Treatment of Ki-ras/NRK cells with U0126 caused apparent morphological reversion to a flat, normal appearance (Fig. 2,A; 24-h treatment). Although not as clear, U0126 also flattened morphology of v-src/NRK cells (Fig. 2,B;48-h treatment). PD98059 induced a slight morphological change in Ki-ras/NRK cells at high concentrations (Fig. 2,A), but the morphology of v-src/NRK cells did not change (Fig. 2 B).

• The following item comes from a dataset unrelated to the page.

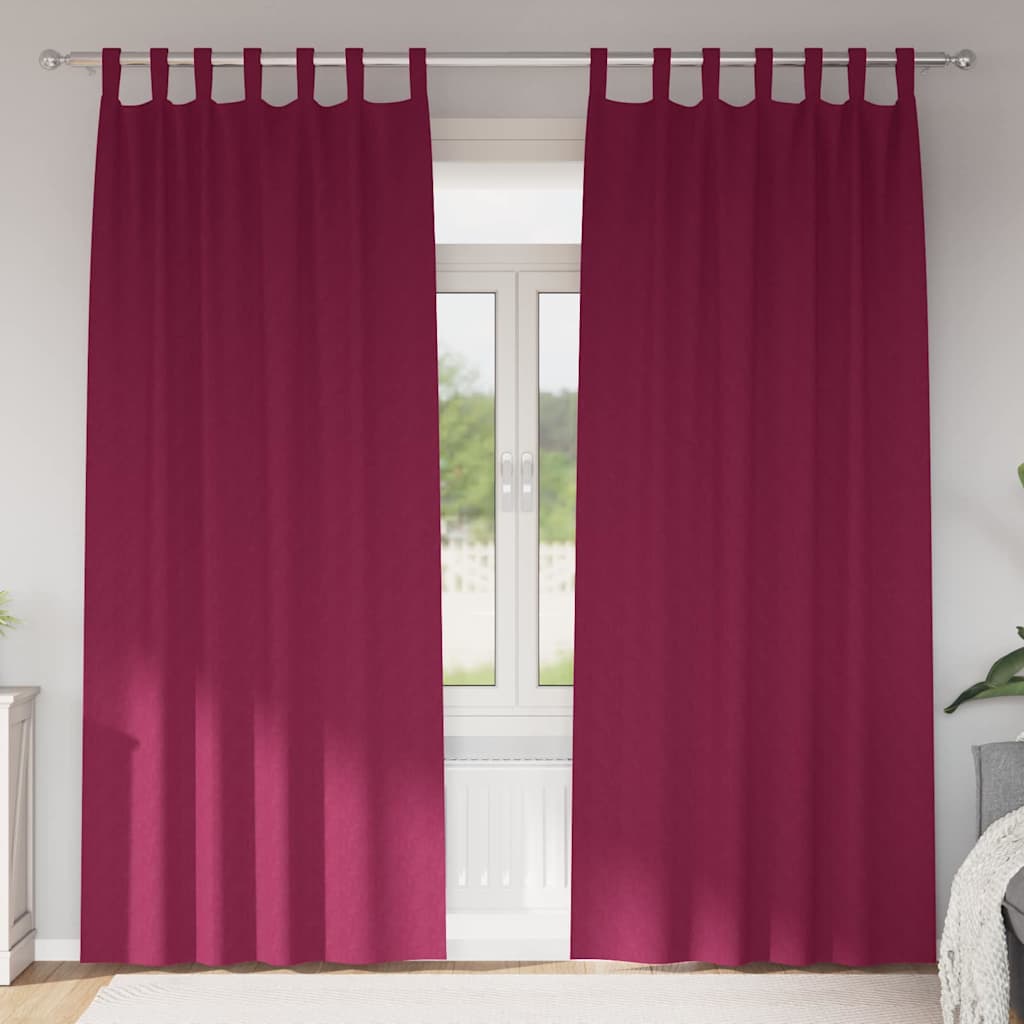 VidaXL Verdunkelungsvorhänge mit Ringen 2 Stück Weinrot 225 x 140 cm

U0126 Inhibits Both MAPK and p70S6K Pathways.

The above results indicate that the two MEK inhibitors U0126 and PD98059 differ in ability to block transformation by Ki-ras. Because the selectivity of PD98059 has been well tested(8), we speculated that U0126 inhibits other pathway(s) in addition to the MAPK pathway.

To dissect the issue, we monitored the effects of the two compounds on activation of three serine/threonine kinases that are downstream targets of Ras (9). Cell lysates from Ki-ras/NRK cells treated for 24 h were examined by immunoblotting with phosphospecific antibodies that recognize the activated form of MAPK, p70S6K or Akt. As shown in Fig. 3 A, both U0126 and PD98059 inhibited activation of MAPK, U0126 being more potent as reported (5). Neither compound displayed any effect on phosphorylation of Akt. PD98059 at 25μ m only slightly inhibited activation of p70S6K. On the other hand, reduction of p70S6K phosphorylation by U0126 was much more apparent. Although U0126 did show selectivity toward MAPK over p70S6K, it clearly blocked p70S6K activation at high concentrations. Reduction of p70S6K phosphorylation was further manifested by the increased electrophoretic mobility of total p70S6K.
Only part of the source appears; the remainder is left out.